Excerpted data:
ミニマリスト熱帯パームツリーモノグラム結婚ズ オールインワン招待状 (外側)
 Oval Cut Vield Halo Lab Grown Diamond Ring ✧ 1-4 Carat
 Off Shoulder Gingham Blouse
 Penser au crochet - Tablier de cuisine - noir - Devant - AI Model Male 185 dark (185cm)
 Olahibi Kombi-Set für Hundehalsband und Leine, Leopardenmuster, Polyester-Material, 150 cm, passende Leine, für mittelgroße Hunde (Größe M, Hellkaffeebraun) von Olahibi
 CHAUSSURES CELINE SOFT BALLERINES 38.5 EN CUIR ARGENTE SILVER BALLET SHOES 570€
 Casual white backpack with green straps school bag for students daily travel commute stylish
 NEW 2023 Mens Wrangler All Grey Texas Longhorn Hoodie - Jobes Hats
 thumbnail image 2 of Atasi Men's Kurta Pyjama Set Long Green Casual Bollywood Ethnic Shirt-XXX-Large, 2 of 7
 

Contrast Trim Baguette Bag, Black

Work instructions:
Print the lines of the entries, exactly, from the one containing "NEW 2023 Mens" down to the final line, and leave out all the others.

Answer to the exercise:
 NEW 2023 Mens Wrangler All Grey Texas Longhorn Hoodie - Jobes Hats
 thumbnail image 2 of Atasi Men's Kurta Pyjama Set Long Green Casual Bollywood Ethnic Shirt-XXX-Large, 2 of 7
 

Contrast Trim Baguette Bag, Black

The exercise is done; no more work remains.